Midbrain organoids-development and applications in Parkinson's disease

Abstract

Human brain development is spatially and temporally complex. Insufficient access to human brain tissue and inadequacy of animal models has limited the study of brain development and neurodegenerative diseases. Recent advancements of brain organoid technology have created novel opportunities to model human-specific neurodevelopment and brain diseases. In this review, we discuss the use of brain organoids to model the midbrain and Parkinson's disease. We critically evaluate the extent of recapitulation of PD pathology by organoids and discuss areas of future development that may lead to the model to become a next-generation, personalized therapeutic strategy for PD and beyond.

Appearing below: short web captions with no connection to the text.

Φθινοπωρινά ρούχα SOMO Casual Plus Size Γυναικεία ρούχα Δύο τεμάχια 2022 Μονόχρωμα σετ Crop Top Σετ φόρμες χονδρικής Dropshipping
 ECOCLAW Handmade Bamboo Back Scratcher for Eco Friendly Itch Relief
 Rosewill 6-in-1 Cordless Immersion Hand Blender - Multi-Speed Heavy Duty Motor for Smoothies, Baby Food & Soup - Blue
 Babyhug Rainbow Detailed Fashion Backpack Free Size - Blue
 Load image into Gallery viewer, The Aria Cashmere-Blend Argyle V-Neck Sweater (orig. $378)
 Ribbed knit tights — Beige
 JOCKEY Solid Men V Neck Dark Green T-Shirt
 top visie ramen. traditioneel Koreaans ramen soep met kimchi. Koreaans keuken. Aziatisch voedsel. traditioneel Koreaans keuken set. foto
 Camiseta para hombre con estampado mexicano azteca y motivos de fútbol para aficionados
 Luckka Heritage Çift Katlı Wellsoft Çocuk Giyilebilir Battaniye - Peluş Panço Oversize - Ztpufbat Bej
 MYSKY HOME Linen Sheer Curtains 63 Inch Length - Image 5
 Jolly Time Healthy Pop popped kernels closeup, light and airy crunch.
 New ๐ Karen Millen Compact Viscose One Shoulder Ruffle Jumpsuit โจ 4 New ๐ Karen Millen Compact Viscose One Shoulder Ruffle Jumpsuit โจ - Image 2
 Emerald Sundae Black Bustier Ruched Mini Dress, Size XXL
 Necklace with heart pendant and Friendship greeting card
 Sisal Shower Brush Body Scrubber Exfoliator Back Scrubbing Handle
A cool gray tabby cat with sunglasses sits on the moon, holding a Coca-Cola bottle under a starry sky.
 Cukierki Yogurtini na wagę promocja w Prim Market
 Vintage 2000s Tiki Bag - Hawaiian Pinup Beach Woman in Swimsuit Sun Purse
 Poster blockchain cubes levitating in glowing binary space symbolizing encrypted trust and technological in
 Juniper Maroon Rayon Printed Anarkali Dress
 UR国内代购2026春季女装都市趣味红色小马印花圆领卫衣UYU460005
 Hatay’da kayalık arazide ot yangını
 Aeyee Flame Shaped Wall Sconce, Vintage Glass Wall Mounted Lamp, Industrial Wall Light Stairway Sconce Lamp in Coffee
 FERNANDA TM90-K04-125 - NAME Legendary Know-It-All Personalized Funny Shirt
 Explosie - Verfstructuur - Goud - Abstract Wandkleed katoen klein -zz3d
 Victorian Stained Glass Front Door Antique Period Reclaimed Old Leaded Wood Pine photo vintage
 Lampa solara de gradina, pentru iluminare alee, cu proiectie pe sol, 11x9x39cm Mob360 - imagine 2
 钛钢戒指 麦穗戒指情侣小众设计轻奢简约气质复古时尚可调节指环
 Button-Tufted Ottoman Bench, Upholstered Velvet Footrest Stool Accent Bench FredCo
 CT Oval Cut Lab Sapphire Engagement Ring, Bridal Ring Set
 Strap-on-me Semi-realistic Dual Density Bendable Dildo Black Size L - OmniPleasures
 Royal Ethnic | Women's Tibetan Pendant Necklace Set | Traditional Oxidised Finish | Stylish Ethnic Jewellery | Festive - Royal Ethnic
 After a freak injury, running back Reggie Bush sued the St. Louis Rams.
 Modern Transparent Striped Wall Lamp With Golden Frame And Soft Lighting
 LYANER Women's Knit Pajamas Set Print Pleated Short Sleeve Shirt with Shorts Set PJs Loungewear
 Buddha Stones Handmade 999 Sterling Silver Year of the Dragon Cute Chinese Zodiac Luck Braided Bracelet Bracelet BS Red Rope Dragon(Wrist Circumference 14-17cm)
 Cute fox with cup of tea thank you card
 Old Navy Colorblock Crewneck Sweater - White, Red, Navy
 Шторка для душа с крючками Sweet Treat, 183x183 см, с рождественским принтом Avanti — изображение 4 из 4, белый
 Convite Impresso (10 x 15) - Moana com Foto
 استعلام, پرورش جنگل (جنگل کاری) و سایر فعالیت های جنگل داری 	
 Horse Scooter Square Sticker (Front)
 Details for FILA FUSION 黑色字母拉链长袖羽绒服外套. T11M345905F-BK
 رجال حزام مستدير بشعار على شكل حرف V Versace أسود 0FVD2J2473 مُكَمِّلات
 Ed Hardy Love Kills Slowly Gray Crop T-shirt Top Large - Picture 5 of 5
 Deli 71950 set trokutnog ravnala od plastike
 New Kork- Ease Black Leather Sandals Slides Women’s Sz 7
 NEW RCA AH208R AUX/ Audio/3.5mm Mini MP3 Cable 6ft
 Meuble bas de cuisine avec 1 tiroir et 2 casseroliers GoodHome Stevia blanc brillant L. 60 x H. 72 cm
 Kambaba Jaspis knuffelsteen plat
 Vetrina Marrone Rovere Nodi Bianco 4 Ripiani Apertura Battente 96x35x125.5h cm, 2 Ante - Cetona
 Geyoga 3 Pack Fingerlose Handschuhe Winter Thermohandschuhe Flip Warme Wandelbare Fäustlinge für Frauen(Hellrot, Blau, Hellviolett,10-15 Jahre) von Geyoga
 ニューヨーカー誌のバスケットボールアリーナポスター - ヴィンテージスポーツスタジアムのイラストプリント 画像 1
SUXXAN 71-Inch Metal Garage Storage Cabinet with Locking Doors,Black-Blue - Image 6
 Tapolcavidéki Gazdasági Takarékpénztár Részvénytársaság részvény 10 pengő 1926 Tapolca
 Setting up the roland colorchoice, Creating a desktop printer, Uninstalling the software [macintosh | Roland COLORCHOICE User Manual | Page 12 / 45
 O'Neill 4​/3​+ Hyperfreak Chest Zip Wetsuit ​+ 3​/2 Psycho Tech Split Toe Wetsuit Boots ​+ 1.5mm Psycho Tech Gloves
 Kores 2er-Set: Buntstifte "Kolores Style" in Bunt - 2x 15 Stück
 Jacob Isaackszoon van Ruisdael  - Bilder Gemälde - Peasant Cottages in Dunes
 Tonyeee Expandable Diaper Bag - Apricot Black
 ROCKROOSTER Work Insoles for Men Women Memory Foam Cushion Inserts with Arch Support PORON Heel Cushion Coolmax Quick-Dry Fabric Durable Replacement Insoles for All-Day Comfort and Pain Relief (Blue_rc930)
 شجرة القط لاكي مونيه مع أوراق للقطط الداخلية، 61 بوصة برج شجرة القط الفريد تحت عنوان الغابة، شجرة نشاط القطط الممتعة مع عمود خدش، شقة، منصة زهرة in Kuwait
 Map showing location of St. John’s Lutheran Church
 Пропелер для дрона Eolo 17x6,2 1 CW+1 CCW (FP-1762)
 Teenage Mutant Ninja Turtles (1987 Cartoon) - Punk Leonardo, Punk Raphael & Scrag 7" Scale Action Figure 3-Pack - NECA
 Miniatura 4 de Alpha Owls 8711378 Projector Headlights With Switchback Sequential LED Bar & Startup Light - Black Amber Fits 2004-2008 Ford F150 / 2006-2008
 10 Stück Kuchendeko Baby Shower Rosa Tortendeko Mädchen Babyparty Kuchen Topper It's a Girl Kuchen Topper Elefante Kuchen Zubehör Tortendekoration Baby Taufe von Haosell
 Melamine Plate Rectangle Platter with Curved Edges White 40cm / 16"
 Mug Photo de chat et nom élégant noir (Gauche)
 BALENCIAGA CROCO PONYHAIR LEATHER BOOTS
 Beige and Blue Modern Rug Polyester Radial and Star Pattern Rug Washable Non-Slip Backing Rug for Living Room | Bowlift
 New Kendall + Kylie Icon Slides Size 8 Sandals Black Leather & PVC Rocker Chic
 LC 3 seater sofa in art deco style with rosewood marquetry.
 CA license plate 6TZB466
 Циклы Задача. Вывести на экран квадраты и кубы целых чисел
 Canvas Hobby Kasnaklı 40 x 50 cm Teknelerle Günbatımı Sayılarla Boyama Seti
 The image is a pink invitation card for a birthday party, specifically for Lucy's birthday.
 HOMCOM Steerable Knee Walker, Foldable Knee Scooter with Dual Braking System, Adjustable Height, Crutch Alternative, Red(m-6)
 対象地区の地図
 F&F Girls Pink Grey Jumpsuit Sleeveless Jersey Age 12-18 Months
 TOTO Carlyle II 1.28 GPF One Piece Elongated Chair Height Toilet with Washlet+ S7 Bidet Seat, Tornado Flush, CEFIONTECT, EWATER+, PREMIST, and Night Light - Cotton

Keywords: Parkinson; brain organoid; degeneration; disease modelling; dopamine neuron.

Figure 1

Timeline of key milestones in methods to derive midbrain dopaminergic neurons & MLOs (in blue). Timeline of key milestones in 2D neuronal and 3D organoid culture (in red)

Figure 2

Applications of midbrain-like organoids (MLOs), created with BioRender.com. MLOs are increasingly used to model midbrain development and midbrain-associated diseases. To improve the biological relevance of MLOs, methods including accelerating astrocytes development, vascularization of MLOs, incorporation of microglia and the making of multi-regional brain organoids are being explored. Parkinson’s disease (PD) modelling using MLOs is also becoming increasingly common. Current PD MLOs models can mimic pathologies including selective dopaminergic neuronal loss, ⍺-synuclein accumulation, electrophysiology alterations and LB-like inclusions. Despite MLO technology being relatively new, it has shown promise as a tool for therapeutic screening purposes. Created with Biorender.com.